■ **Description of the task**
Beginning with the line below that contains "Sanus Advanced XL" and ending with the line that contains "Air Transat 宣布将暂时裁员 -- Mar 23, 2020 (ON)", copy every line exactly. Copy nothing else.
:: Exercise inputs ::
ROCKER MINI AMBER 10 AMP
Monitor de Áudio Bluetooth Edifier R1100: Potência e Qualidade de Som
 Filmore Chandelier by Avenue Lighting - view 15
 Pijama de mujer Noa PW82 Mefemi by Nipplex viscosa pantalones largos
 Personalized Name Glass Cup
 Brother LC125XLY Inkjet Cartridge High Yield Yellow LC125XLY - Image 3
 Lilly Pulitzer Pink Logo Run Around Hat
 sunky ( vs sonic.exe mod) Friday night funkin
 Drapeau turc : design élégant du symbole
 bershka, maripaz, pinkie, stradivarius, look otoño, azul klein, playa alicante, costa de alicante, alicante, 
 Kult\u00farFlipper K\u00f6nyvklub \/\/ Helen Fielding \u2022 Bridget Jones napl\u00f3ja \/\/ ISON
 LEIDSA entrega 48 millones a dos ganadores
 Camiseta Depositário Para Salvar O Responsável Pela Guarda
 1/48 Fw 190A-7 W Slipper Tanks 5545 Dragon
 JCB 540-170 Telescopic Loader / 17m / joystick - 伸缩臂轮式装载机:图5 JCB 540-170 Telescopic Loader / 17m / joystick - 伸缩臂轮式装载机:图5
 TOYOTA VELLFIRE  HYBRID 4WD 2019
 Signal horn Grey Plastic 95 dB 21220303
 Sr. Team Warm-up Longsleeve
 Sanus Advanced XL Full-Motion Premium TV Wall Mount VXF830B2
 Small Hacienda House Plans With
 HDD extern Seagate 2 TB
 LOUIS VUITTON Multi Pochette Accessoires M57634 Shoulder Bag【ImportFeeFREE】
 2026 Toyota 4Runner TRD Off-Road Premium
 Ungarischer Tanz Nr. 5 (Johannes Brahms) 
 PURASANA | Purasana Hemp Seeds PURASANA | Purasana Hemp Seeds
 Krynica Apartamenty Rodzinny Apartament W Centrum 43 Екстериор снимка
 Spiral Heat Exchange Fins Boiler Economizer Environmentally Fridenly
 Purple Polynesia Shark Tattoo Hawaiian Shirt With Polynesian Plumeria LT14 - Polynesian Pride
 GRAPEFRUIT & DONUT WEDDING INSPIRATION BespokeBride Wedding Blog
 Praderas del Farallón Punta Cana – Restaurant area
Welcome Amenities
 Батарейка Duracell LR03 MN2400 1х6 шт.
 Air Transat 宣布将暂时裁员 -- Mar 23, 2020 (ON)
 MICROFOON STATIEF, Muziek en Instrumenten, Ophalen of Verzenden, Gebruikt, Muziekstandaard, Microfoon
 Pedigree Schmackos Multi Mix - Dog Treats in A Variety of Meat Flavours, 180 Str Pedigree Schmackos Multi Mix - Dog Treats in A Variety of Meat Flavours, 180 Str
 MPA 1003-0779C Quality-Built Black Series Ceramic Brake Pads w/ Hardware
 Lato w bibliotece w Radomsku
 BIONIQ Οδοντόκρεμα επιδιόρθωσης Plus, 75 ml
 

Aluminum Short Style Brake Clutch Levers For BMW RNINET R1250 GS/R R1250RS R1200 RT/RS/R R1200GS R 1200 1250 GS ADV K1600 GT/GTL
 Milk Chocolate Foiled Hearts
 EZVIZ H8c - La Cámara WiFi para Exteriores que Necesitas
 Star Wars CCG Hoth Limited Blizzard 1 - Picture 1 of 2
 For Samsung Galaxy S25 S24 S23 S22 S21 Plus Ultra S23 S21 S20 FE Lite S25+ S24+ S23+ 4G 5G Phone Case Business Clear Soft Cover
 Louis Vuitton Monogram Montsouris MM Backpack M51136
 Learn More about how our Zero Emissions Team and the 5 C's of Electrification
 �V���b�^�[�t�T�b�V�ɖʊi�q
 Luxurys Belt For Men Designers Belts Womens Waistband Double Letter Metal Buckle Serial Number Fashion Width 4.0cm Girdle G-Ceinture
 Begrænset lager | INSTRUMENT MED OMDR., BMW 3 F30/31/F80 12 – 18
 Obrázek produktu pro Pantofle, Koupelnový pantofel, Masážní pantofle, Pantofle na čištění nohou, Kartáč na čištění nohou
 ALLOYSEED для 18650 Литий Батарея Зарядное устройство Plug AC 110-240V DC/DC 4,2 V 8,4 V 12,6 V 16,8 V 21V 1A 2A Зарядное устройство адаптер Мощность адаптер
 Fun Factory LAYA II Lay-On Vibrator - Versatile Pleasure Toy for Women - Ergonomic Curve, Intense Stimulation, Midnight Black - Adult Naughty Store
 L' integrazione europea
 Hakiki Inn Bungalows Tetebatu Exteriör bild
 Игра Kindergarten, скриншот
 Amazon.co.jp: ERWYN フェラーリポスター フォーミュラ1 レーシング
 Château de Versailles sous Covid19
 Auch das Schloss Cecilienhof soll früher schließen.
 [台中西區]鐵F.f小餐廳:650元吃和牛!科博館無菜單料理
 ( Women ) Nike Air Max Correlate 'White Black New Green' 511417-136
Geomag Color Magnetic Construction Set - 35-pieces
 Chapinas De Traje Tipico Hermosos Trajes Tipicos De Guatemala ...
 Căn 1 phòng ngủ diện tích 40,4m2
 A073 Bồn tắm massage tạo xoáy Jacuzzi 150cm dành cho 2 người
:::
■ **Answer to this task**
 Sanus Advanced XL Full-Motion Premium TV Wall Mount VXF830B2
 Small Hacienda House Plans With
 HDD extern Seagate 2 TB
 LOUIS VUITTON Multi Pochette Accessoires M57634 Shoulder Bag【ImportFeeFREE】
 2026 Toyota 4Runner TRD Off-Road Premium
 Ungarischer Tanz Nr. 5 (Johannes Brahms) 
 PURASANA | Purasana Hemp Seeds PURASANA | Purasana Hemp Seeds
 Krynica Apartamenty Rodzinny Apartament W Centrum 43 Екстериор снимка
 Spiral Heat Exchange Fins Boiler Economizer Environmentally Fridenly
 Purple Polynesia Shark Tattoo Hawaiian Shirt With Polynesian Plumeria LT14 - Polynesian Pride
 GRAPEFRUIT & DONUT WEDDING INSPIRATION BespokeBride Wedding Blog
 Praderas del Farallón Punta Cana – Restaurant area
Welcome Amenities
 Батарейка Duracell LR03 MN2400 1х6 шт.
 Air Transat 宣布将暂时裁员 -- Mar 23, 2020 (ON)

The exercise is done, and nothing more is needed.